● Task prompt
Please give back the listing below word for word, without the images.

● Recorded data
────────────────────────────────────────
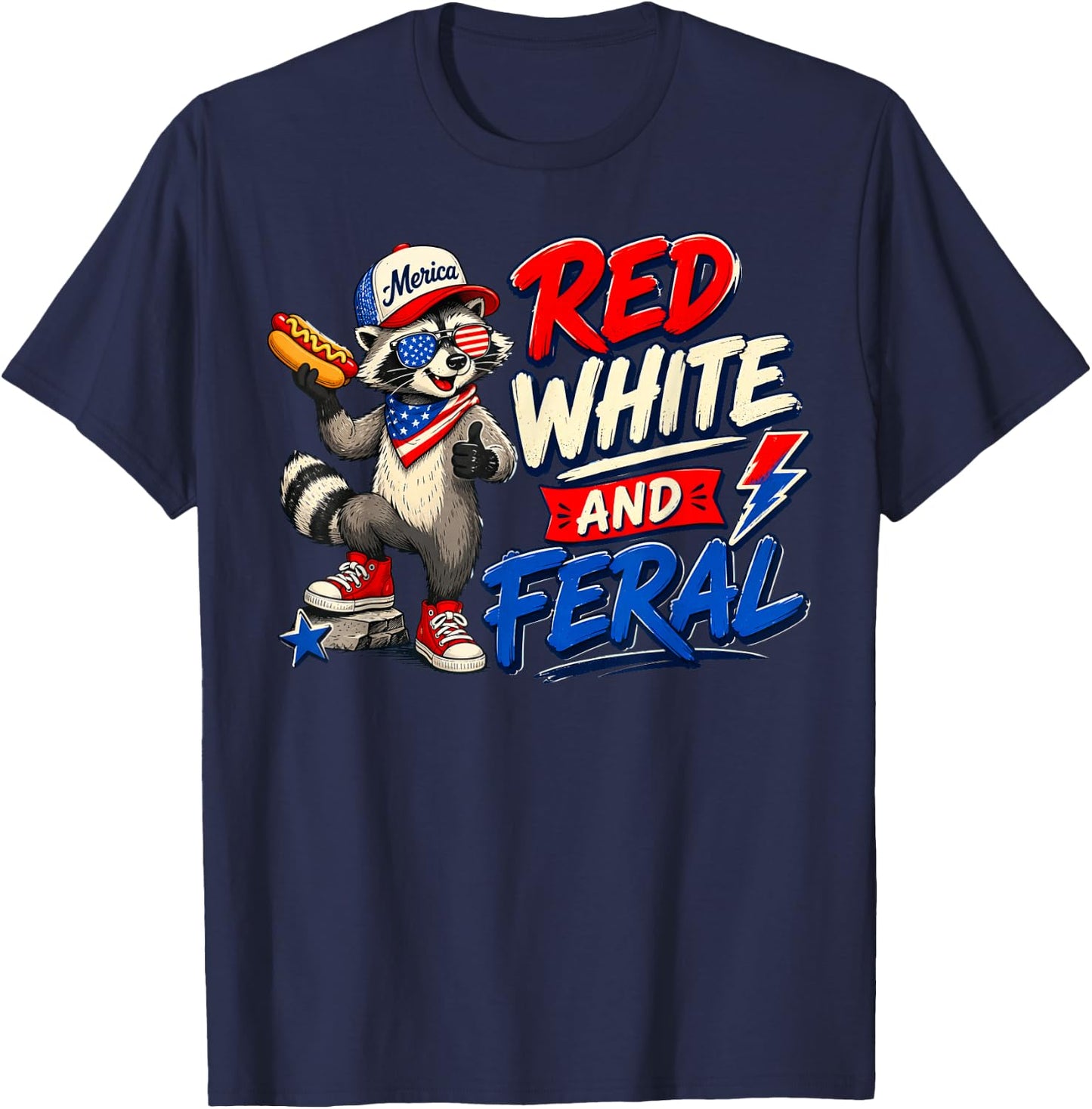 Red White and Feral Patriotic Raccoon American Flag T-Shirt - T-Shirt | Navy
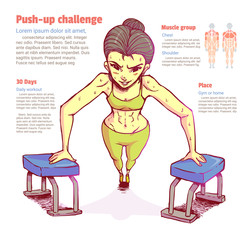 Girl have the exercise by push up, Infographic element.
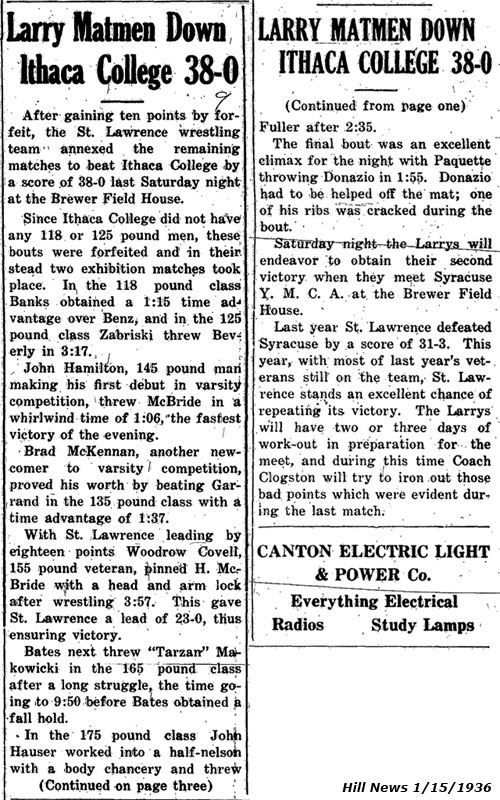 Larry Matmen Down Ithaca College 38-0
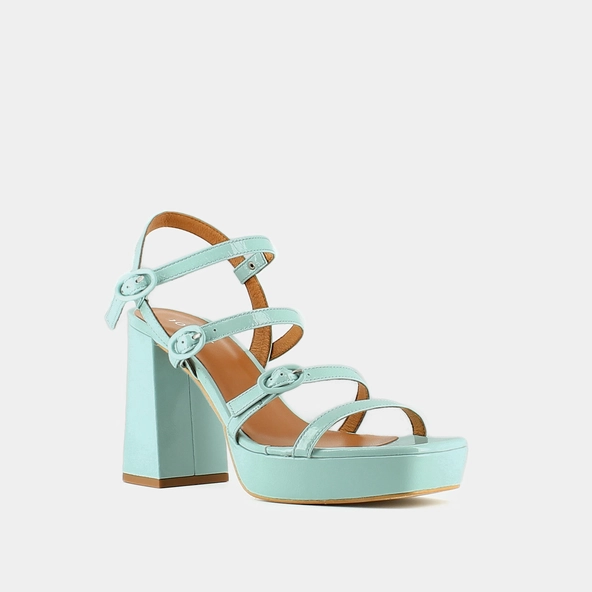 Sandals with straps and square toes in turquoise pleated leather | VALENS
────────────────────────────────────────
● Solution to this task
 Red White and Feral Patriotic Raccoon American Flag T-Shirt - T-Shirt | Navy
 Girl have the exercise by push up, Infographic element.
 Larry Matmen Down Ithaca College 38-0
 Sandals with straps and square toes in turquoise pleated leather | VALENS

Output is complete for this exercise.